George M.S.,Mohn Sverdrup Center for Global Ocean Studies and Operational Oceanography |
Bertino L.,Mohn Sverdrup Center for Global Ocean Studies and Operational Oceanography |
Johannessen O.M.,Mohn Sverdrup Center for Global Ocean Studies and Operational Oceanography |
Samuelsen A.,Mohn Sverdrup Center for Global Ocean Studies and Operational Oceanography
Journal of Operational Oceanography | Year: 2010
An eddy-permitting HYbrid Coordinate Ocean Model (HYCOM) configured for the Indian Ocean has been validated using both in-situ and satellite observations. The present work focuses on a detailed study of the model's capability to simulate the major surface and subsurface variables realistically.Weekly data from the model for eight years from 1994 to 2001 are used for the evaluation of the surface data.The model simulation of the circulation patterns in the Indian Ocean for both the monsoon seasons and the transition periods matches well with the observations.
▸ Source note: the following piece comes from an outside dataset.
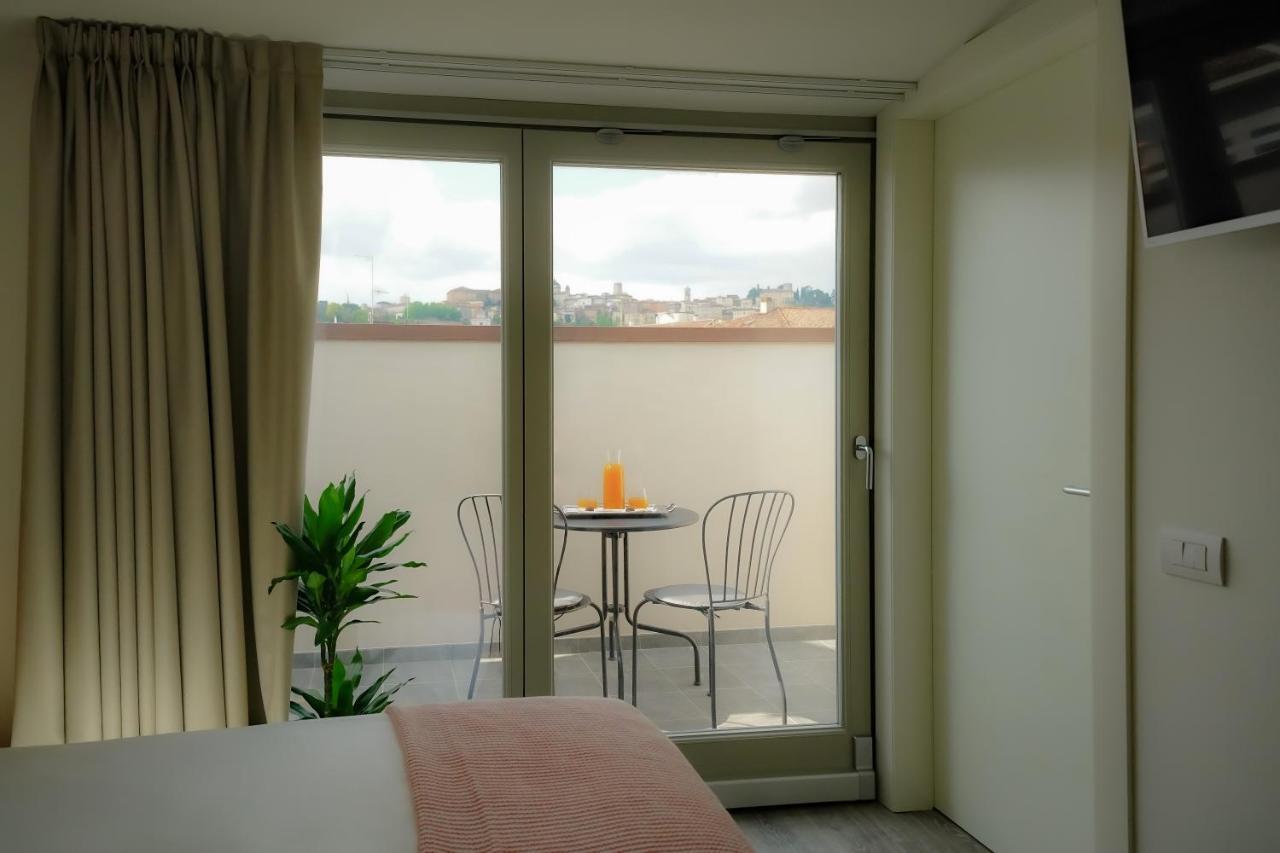 Bergamo Inn 15 מראה חיצוני תמונה A sliding door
Comparisons between model and satellite observations for the sea surface temperature (SST) patterns and its temporal evolution showed that the model produces realistic SSTs.The sea level anomalies (SLA) from the model compared with those from the altimeter data confirmed that the model is in good agreement with the observed SLA. A detailed comparison of results from the daily data of the model with the Argo profiles, for the years from 2002 to 2004 showed that the model has a diffuse thermocline with warming in the subsurface waters, but overall, the model simulates the subsurface temperature and salinity patterns well.The validation of the model indicates that the model results are satisfactory and that with improvements in some of the model configurations, it can be implemented in an operational forecasting system for the Indian Ocean.